SUPPLIED ENTRIES:
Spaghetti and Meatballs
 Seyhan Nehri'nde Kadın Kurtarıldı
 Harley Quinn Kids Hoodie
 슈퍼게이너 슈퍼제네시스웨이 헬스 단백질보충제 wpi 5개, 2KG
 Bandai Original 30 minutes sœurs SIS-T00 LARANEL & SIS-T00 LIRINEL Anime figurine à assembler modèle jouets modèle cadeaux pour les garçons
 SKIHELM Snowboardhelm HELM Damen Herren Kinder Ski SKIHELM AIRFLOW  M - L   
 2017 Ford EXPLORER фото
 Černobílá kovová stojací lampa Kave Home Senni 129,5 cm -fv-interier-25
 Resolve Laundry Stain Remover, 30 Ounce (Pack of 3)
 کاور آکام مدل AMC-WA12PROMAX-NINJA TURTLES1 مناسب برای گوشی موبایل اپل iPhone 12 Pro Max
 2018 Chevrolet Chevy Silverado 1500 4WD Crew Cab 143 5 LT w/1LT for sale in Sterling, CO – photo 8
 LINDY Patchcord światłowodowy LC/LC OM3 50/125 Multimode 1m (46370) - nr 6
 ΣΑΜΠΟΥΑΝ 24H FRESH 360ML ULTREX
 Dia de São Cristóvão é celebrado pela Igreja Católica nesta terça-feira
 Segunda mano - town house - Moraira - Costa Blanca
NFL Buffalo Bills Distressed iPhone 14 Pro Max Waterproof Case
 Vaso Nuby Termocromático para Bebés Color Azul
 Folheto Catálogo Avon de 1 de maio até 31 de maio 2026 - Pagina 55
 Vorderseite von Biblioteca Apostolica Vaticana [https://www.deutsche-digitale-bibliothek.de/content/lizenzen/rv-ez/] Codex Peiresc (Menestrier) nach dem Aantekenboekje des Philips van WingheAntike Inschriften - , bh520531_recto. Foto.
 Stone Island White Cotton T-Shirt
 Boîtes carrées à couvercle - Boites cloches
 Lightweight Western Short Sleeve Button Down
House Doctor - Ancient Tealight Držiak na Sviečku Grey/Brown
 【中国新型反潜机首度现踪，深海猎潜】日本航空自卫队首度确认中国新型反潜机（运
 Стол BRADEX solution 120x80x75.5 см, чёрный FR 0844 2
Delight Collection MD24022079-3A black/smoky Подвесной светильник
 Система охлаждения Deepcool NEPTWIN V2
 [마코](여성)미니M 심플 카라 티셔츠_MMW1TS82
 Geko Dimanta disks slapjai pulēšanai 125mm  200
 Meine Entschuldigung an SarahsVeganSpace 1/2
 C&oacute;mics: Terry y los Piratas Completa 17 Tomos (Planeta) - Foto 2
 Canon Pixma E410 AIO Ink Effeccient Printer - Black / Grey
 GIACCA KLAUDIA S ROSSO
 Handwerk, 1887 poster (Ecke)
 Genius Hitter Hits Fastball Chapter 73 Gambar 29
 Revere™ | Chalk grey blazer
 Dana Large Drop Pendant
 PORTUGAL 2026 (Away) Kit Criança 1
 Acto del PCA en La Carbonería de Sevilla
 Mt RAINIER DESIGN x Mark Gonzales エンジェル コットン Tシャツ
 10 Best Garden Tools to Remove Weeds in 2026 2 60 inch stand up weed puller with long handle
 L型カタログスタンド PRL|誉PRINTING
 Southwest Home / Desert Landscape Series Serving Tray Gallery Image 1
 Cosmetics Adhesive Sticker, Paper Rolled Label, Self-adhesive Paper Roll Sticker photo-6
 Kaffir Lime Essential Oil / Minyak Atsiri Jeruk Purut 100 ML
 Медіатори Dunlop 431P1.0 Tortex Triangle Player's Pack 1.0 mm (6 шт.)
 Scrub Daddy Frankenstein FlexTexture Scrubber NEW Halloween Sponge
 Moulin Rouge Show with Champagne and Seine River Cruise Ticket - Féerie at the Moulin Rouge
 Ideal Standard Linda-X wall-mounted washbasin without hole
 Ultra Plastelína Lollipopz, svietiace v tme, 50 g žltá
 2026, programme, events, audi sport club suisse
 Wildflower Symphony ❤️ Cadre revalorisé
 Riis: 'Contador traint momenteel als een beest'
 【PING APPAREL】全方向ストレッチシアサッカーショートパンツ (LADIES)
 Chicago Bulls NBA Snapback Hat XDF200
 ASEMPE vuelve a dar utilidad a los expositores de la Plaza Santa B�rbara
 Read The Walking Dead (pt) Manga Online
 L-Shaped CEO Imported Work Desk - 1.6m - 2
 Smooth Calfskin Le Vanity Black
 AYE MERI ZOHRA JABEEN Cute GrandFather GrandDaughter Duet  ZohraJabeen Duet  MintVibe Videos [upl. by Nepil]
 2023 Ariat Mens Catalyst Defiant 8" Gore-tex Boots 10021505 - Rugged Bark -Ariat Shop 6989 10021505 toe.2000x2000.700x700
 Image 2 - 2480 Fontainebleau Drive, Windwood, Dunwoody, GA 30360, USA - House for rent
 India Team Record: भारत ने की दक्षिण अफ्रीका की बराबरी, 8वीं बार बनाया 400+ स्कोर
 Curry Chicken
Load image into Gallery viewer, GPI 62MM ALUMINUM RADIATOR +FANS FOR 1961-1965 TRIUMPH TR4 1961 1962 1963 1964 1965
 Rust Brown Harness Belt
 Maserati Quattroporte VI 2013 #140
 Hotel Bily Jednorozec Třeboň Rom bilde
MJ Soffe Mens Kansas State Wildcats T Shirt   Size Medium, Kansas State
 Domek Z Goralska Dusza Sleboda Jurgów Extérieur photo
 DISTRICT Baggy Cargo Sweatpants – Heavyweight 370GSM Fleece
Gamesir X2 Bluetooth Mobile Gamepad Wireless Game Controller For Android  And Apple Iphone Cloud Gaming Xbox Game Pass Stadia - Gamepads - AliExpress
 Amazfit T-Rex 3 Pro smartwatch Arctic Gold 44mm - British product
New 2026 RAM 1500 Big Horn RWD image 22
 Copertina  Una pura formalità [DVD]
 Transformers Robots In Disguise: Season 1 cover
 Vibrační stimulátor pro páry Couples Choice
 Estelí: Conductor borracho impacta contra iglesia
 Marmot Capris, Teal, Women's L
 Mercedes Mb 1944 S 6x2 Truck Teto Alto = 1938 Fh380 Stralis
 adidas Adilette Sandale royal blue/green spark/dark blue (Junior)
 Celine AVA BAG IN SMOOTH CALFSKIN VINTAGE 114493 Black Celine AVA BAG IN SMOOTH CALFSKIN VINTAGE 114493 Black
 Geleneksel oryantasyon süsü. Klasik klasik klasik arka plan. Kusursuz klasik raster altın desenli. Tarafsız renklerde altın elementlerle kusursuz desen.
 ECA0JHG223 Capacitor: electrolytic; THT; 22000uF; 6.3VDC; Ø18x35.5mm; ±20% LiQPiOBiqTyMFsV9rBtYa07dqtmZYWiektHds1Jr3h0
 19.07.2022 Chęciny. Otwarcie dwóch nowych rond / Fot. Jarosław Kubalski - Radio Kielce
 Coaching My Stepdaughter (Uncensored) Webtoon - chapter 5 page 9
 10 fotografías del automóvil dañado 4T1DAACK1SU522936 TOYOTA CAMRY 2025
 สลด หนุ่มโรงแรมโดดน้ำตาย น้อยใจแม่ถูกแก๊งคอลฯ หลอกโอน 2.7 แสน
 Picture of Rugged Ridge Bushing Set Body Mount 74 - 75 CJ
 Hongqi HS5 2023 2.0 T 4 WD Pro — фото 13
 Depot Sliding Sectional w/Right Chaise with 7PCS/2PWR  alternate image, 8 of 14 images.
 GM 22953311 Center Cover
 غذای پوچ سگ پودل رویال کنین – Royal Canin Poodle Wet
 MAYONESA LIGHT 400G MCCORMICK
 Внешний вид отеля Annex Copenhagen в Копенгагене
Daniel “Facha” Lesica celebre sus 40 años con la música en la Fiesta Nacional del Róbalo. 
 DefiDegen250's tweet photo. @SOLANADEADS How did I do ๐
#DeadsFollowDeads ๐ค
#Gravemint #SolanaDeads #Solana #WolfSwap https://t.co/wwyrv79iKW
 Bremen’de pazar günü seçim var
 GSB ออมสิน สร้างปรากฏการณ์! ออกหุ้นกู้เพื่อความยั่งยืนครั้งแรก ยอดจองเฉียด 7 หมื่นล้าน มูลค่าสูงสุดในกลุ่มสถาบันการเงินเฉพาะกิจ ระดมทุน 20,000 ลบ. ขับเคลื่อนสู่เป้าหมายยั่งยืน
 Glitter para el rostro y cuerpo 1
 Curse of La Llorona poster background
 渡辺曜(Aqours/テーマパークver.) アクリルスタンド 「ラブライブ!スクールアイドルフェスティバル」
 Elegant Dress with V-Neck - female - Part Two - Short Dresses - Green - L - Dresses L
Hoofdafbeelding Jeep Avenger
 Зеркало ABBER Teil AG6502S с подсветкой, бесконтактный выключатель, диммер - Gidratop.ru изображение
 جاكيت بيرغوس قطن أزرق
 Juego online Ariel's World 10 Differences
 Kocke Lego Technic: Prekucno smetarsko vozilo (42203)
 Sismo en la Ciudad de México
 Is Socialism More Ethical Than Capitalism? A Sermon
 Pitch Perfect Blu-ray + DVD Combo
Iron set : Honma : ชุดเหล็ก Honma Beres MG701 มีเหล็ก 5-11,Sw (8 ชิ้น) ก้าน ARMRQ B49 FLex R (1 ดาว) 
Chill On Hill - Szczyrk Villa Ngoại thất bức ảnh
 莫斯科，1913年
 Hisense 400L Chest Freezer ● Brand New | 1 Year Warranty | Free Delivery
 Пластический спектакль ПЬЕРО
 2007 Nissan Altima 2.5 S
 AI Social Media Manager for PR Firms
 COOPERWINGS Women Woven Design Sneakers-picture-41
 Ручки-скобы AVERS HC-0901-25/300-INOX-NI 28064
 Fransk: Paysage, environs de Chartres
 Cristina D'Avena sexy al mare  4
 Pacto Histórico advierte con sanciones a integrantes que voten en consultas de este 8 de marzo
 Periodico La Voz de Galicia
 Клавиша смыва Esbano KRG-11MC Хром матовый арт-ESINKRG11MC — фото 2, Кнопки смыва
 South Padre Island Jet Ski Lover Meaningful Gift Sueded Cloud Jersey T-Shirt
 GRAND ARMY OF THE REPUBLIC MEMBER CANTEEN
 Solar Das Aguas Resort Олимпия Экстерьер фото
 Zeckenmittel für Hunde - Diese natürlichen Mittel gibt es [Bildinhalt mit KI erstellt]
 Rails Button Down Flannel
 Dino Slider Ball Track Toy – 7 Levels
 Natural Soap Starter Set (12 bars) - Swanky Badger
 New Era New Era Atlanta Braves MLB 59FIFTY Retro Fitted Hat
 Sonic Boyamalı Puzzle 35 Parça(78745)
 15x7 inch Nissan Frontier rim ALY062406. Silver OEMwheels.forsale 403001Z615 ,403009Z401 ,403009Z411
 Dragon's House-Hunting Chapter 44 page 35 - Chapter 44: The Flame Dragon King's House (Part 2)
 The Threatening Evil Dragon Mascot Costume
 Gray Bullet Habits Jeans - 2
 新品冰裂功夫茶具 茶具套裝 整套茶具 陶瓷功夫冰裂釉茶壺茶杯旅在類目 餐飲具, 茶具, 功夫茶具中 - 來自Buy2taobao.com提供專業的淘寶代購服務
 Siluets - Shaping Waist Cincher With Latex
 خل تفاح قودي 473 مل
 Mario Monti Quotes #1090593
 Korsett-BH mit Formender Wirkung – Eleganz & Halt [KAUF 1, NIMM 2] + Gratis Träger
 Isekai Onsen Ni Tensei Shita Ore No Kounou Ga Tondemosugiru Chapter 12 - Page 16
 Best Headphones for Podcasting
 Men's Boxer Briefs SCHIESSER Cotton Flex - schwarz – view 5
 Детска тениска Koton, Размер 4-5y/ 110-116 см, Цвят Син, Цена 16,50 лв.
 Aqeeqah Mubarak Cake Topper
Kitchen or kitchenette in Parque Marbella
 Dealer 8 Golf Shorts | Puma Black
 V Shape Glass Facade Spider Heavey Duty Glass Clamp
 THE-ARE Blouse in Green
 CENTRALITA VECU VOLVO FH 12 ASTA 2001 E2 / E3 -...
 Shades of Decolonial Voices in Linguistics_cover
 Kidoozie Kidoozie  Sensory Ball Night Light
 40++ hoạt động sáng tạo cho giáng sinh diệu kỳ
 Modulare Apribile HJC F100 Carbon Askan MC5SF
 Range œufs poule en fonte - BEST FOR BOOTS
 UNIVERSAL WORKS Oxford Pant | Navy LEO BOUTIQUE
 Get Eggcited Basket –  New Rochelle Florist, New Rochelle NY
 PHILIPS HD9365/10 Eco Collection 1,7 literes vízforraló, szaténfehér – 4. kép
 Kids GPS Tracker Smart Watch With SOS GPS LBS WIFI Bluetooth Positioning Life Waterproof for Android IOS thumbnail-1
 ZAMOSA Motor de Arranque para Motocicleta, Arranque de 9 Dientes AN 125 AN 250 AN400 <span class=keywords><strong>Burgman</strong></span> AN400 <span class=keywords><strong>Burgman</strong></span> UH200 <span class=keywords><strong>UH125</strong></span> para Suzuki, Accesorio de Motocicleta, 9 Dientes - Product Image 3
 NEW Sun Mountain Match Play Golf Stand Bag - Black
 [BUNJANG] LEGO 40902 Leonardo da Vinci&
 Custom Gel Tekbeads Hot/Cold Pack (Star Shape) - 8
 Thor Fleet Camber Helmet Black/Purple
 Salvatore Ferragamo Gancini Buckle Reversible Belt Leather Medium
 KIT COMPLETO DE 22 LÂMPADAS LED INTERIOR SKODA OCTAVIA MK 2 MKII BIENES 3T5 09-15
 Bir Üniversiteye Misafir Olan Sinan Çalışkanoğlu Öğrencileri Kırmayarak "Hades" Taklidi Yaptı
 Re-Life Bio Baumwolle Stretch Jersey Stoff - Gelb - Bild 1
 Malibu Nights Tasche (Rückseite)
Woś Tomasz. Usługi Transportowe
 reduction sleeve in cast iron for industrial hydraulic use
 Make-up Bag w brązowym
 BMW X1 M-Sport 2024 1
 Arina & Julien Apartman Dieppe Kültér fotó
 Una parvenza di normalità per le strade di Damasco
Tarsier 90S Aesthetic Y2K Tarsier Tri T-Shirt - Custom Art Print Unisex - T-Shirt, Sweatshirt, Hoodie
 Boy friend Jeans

ASSIGNMENT:
Taking the entries above, restate exactly those lines that fall between the line with "The Threatening Evil Dragon Mascot Costume" and the line with "THE-ARE Blouse in Green", keeping both of those lines too.

EXERCISE ANSWER:
 The Threatening Evil Dragon Mascot Costume
 Gray Bullet Habits Jeans - 2
 新品冰裂功夫茶具 茶具套裝 整套茶具 陶瓷功夫冰裂釉茶壺茶杯旅在類目 餐飲具, 茶具, 功夫茶具中 - 來自Buy2taobao.com提供專業的淘寶代購服務
 Siluets - Shaping Waist Cincher With Latex
 خل تفاح قودي 473 مل
 Mario Monti Quotes #1090593
 Korsett-BH mit Formender Wirkung – Eleganz & Halt [KAUF 1, NIMM 2] + Gratis Träger
 Isekai Onsen Ni Tensei Shita Ore No Kounou Ga Tondemosugiru Chapter 12 - Page 16
 Best Headphones for Podcasting
 Men's Boxer Briefs SCHIESSER Cotton Flex - schwarz – view 5
 Детска тениска Koton, Размер 4-5y/ 110-116 см, Цвят Син, Цена 16,50 лв.
 Aqeeqah Mubarak Cake Topper
Kitchen or kitchenette in Parque Marbella
 Dealer 8 Golf Shorts | Puma Black
 V Shape Glass Facade Spider Heavey Duty Glass Clamp
 THE-ARE Blouse in Green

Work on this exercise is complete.